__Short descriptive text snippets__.

******************************

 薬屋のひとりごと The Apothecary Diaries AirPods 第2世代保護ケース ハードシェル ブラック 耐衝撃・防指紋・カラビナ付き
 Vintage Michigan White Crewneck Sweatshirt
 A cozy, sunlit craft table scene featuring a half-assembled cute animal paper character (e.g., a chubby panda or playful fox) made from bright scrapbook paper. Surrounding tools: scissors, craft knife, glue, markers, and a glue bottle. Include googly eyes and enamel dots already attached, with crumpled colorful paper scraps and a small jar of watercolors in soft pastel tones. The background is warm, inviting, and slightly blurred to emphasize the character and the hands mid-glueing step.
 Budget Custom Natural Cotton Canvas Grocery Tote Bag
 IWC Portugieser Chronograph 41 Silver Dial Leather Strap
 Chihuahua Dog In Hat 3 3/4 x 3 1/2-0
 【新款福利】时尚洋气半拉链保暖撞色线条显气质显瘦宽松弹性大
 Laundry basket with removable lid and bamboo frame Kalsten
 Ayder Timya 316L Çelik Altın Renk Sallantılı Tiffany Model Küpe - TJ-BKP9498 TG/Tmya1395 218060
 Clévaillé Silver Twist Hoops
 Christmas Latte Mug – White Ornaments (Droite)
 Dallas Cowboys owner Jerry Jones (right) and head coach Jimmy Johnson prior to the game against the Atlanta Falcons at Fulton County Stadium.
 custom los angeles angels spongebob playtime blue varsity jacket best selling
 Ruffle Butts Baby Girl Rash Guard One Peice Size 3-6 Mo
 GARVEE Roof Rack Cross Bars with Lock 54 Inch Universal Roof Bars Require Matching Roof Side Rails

******************************

__What to work on__.
In the entries above, find the line holding "Laundry basket with" and the line holding "Ruffle Butts Baby"; print both of them and every line between, exactly, and nothing else.

__Answer section__.
 Laundry basket with removable lid and bamboo frame Kalsten
 Ayder Timya 316L Çelik Altın Renk Sallantılı Tiffany Model Küpe - TJ-BKP9498 TG/Tmya1395 218060
 Clévaillé Silver Twist Hoops
 Christmas Latte Mug – White Ornaments (Droite)
 Dallas Cowboys owner Jerry Jones (right) and head coach Jimmy Johnson prior to the game against the Atlanta Falcons at Fulton County Stadium.
 custom los angeles angels spongebob playtime blue varsity jacket best selling
 Ruffle Butts Baby Girl Rash Guard One Peice Size 3-6 Mo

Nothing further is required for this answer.